Rodriguez is making $10 M this year, and is owed about $3.93 M the remainder of the year. The Pirates will cover $1.7 M of that amount the rest of this season. Rodriguez is making $13 M in 2013 and has a $13 M player option in 2014, with a $2.5 M buyout. The Pirates will pay $8.5 M in 2013, and $7.5 M in 2014 if the option is exercised. The Astros pay about $12 M total in the deal, and would only pay in 2014 if Rodriguez exercised his option. The Pirates were looking to add impact for longer term deals.

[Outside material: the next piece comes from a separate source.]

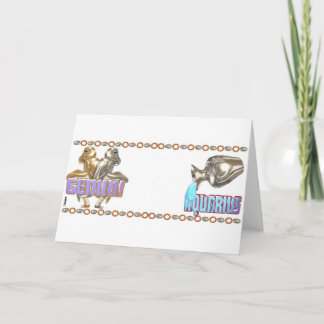 Tarjeta Amistad del zodiaco del acuario de los géminis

“Part of it is multiple years,” Huntington said. “Obviously we’ve got him for the rest of this year, we’ve got him for next year. As we look at the free agent class for next year, we look at our possible ability to upgrade our rotation for next year, we felt this was a good acquisition for us…We like the innings, we like the strikeouts, we like the ERA, we like the competitor. He’s very quietly been one of the better pitchers in Major League baseball over the last three, four years.”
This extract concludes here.